By Ky Duyen   August 3, 2018 | 03:26 am PT
Shopping website removes toy with controversial nine-dash line
A toy map showing the infamous nine-dash line seen on Shopee's website. Screenshot taken on 21:00 August 1, 2018, before the item was removed.
Authorities had ordered that Shopee removes a toy showing a Chinese map violating Vietnam’s sovereignty.

The Vietnam eCommerce and Digital Economy Agency (iDEA) had demanded that e-commerce service Shopee Vietnam get rid of a toy map showing the infamous nine-dash line that China has used to illegally claim sovereign Vietnamese territory in the East Sea, also internationally known as the South China Sea.

The line claims 90 percent of the 3.5-million-square-kilometer East Sea as Chinese territory. This claim has been rejected by the international community.
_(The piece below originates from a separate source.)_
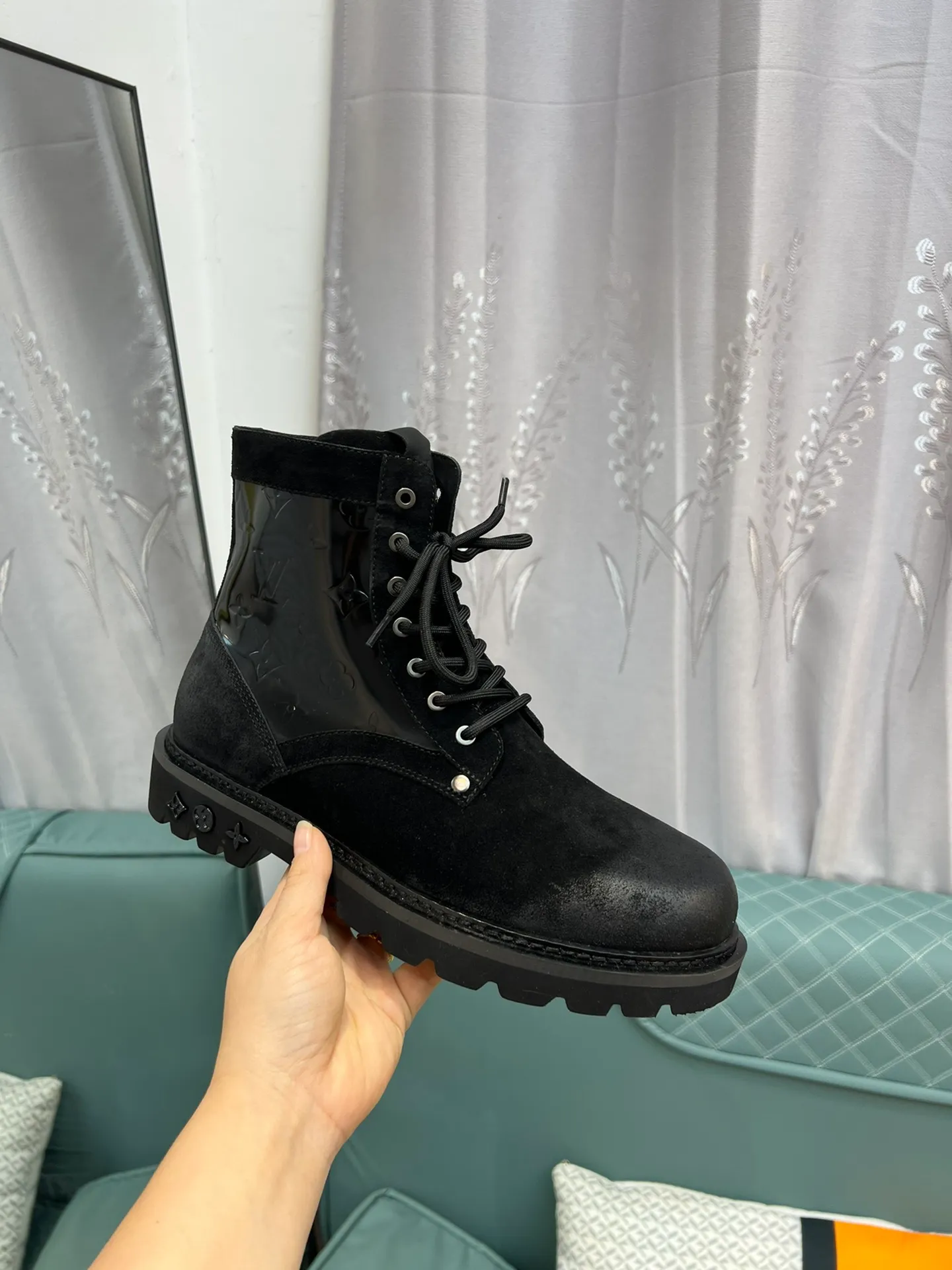 Men's shoes 💰920 L Home - the latest LV men's business casual boots, luxury and nobility are a must. They are all made of imported original first-layer cowhide, just to create a more comfortable wearing experience. ➕Top imported water-dyed full cow lining, original high wear-resistant outsole! 👏👏 Size: Male 39-44; (38 45 46 customized)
It overlaps with claims by Brunei, Malaysia, and the Philippines, and violates Vietnam's water sovereignty.

iDEA, which functions under the Ministry of Industry and Trade, has also required that Shopee and other e-commerce firms apply an online filter to block future items with content that violates Vietnam’s sovereignty.

It has taken 30 boxes of the toy for futher investigation.

"We have upgraded our filter with multiple levels to make sure the same thing won’t happen again," a Shopee representative told VnExpress, adding that the item has been taken off its website.

Shopee also promised that it would recall the product and refund customers.

The map, a toy for children to learn countries’ flags by putting them in the correct locations, got public attention after a mother in Hanoi discovered the nine-dash line on Wednesday and reported it to local media.

The map incorrectly shows Vietnam’s Hoang Sa and Truong Sa archipelagoes (Paracel and Spratly Islands) as part of China’s territory, and a product description on Shopee said the toy would help children aged three years and up understand more about countries in the world.

The map was printed in English and Chinese without a Vietnamese translation.

The nine-dash line had caused an uproar in Vietnam in May when it was found on T-shirts worn by 14 Chinese tourists as they passed through immigration at the Cam Ranh International Airport in the central province of Khanh Hoa.